Grocott silver staining and HE staining were performed according to standard histological techniques for pathological analysis.

2.6. Microscopy

After mounting and covering with glass cover slips, the object slides were optionally sealed with nail polish to protect the samples from drying and to prolong their durability, or they were immediately inspected under the microscope without sealing.
Images were captured with a Leica DM 5000 B microscope equipped with a DFC420 C camera and LAS-X-software (Leica Microsystems, Wetzlar, Germany) or with a confocal laser scanning microscope, either a SP5 (Leica Microsystems, Wetzlar, Germany) or a LSM 880 (Zeiss, Jena, Germany).

3. Results

3.1. Characterization of the Monoclonal Antibody AB90-E8

The hybridoma clone AB90-E8 was raised against hyphal fragments of A. fumigatus and strongly labeled the hyphal surface of A. fumigatus strain AfS35 [24]. Similar results were obtained with different A. fumigatus strains, including reference strains as well as clinical human and animal isolates [24]. These results demonstrate that the AB90-E8 antigen is expressed by many if not all A. fumigatus strains. AB90-E8 strongly decorates the hyphal tubes, even at a very early stage of germination, whereas most conidial bodies, resting and swollen conidia as well as conidiophores and phialides were not or hardly stained [24].
The hyphal tips always showed a strong signal, while the rest of the hyphae, albeit recognized by the antibody over its whole surface, showed only slight differences in the staining pattern and intensity depending on the liquid medium used for growth (Figure 2), indicating that the antigen is expressed under different growth conditions. Strikingly, when grown on A549 epithelial cells, there were completely undecorated parts of the hyphal surface often next to the strongly stained tip (Figure 3).
We have previously shown that the mAb AB90-E8 shows no reactivity with other fungi, such as Candida albicans, Fusarium oxysporum, Lichtheimia corymbifera, Mucor circinelloides, Rhizopus arrhizus and Scedosporium boydii [24]. Within the genus Aspergillus, the antibody stained, apart from A. fumigatus, only the closely related A. fischeri, whereas no reactivity in immunostaining was observed with A. terreus, A. nidulans, A. niger, A. oryzae and A. giganteus [24]. As A. terreus is of particular clinical relevance, we tested three different A. terreus strains and one clinical isolate that all turned out to be AB90-E8-negative [24]. Therefore AB90-E8 is not suitable for the detection of all pathogenic Aspergilli, but to identify A. fumigatus out of them.
The overall staining patterns of A. fumigatus hyphae with AB90-E8 strikingly resembled that of the galactomannan-specific antibody L10-1 [38]. However, the fact that non-fumigatus Aspergilli, which possess galactomannan, are not recognized by AB90-E8, excludes the possibility that AB90-E8 recognizes galactomannan.
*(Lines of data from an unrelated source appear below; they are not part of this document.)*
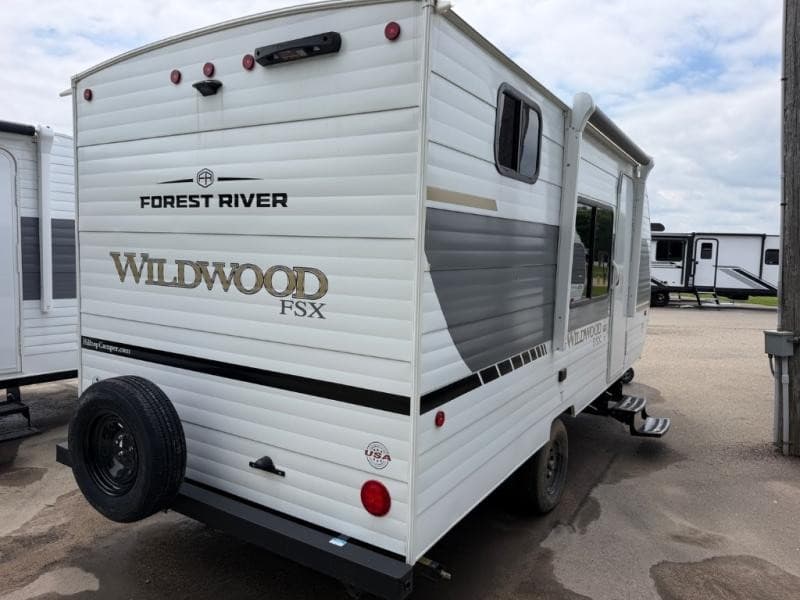 Hilltop Camper & RV Expande Vendas de Trailers Usados e Acesso Regional em Minnesota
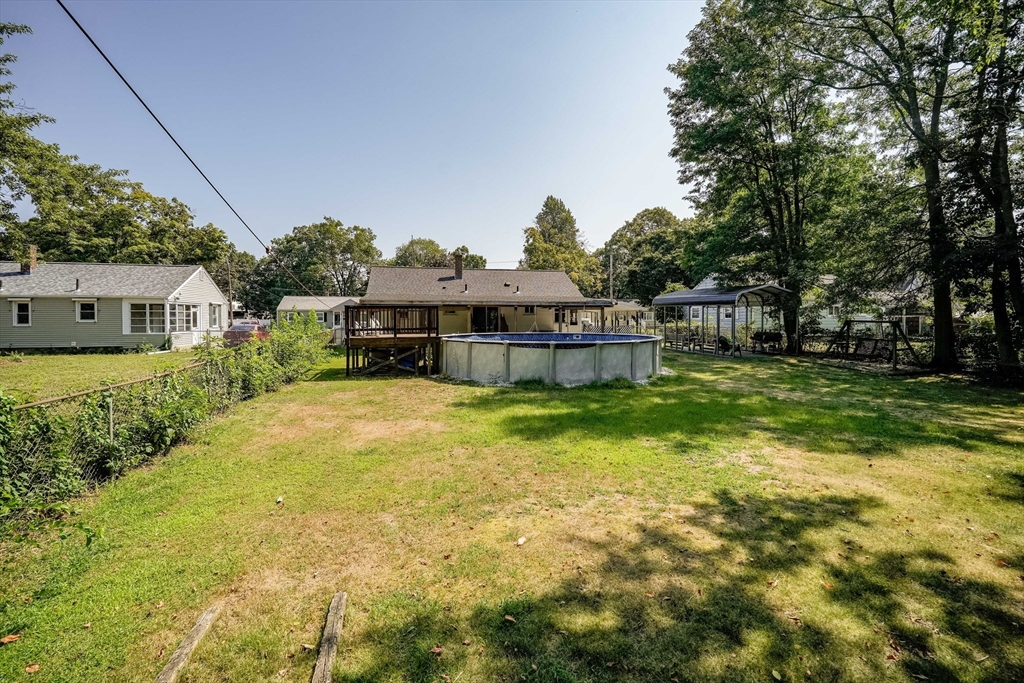 122 Drexel St Property Photo 31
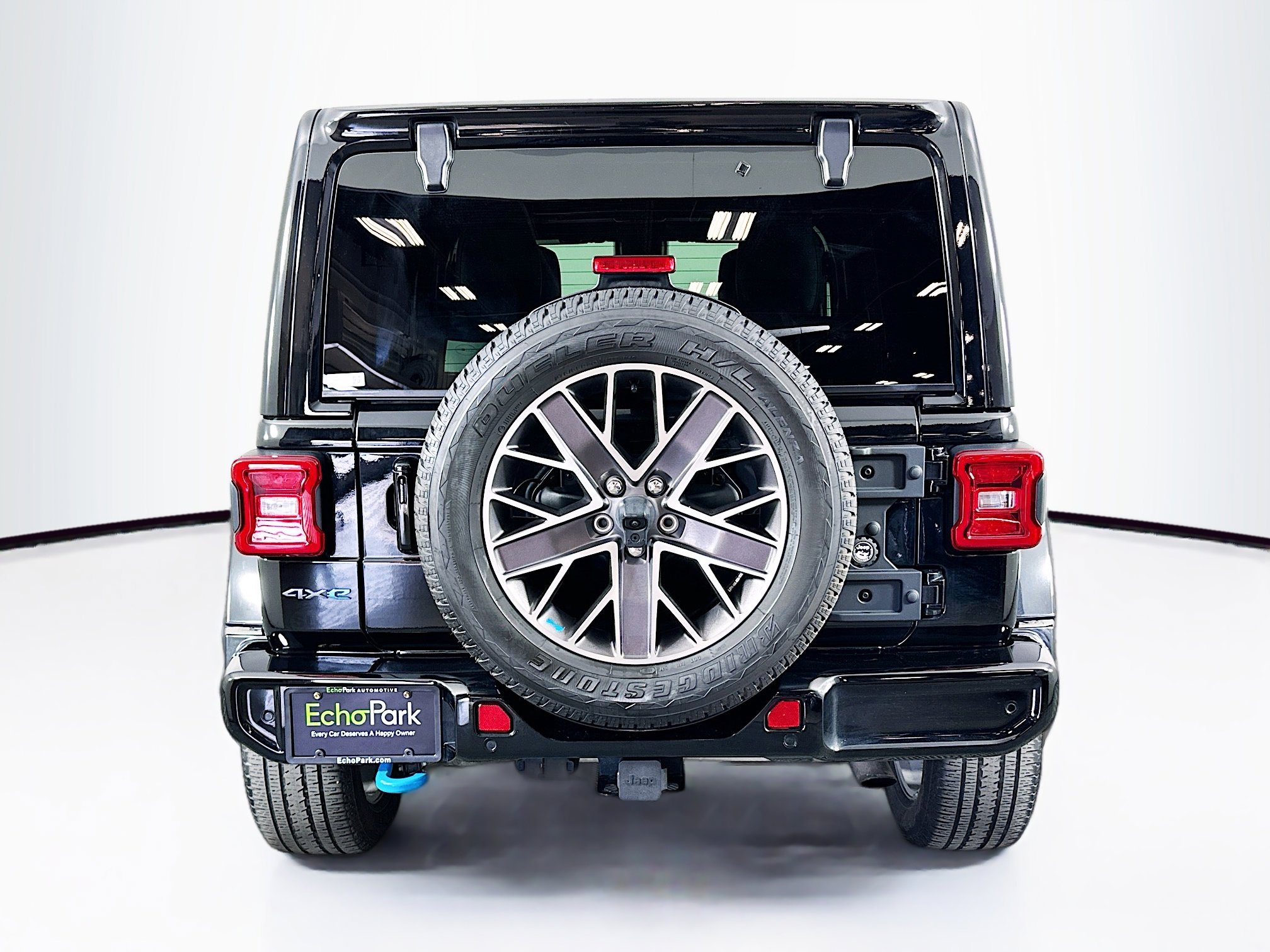 Used 2023 Jeep Wrangler Unlimited Sahara AWD/4WD image 7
To investigate the relationship of both antigens, we performed a double immunofluorescence labelling. Figure 4 shows AB90-E8 in green and the galactomannan-specific mAB L10-1 in red. Conidial bodies were only weakly labelled, whereas both antigens were prominent on the hyphal cell wall. At higher magnification, an overlay of both channels demonstrates that the spatial distributions of the two antigens are similar, but not identical (Figure 4D).
The partial co-localization of both antigens prompted us to stain a ∆glfA mutant that is unable to produce galactofuranose, an essential component of fungal galactomannan [32]. As shown in Figure 5, hyphae of the ∆glfA mutant showed a distribution of the AB90-E8 antigen that was clearly distinct from that observed for the complemented mutant and the corresponding wild type strain D141. As expected, the galactomannan-positive hyphae were more or less homogenously labelled by AB90-E8 (Figure 5A’,C’), whereas the labeling of the ΔglfA mutant hyphae was weaker and largely focused at the hyphal tips (Figure 5B’). This demonstrates that the anchorage of the AB90-E8 antigen is impaired in the ∆glfA mutant.
To explore this further, we stained hyphae after fludioxonil treatment, which triggers a shedding of the galactomannan antigen [40]. Labelling of hyphae with AB90-E8 was clearly reduced after fludioxonil treatment (Figure 6C), but the staining pattern remained more homogenously than that of galactomannan (Figure 6B).
Most fungal surface antigens are either carbohydrates or proteins. AB90-E8 belongs to the IgG1 subclass, which is more common for protein antigens. Cell wall carbohydrates, such as galactomannan, are often released by A. fumigatus during growth. Immunoblot analysis of culture supernatants revealed smear-like staining patterns with anticarbohydrate antibodies [38]. Such a pattern was not observed with AB90-E8. Digestion of hyphal surface proteins using proteinase K destroyed the AB90-E8 antigen, a finding that strongly suggests that it is a protein [24].
So far, only very few proteins are known to be accessible on the hyphal surface. One example is the MP1 protein. We used a polyclonal antibody raised against recombinant MP1 to test a potential co-localization of both antigens. As shown in Figure 7, AB90-E8 and anti-MP1 showed clearly different patterns. A corresponding pre-immune serum showed no reactivity.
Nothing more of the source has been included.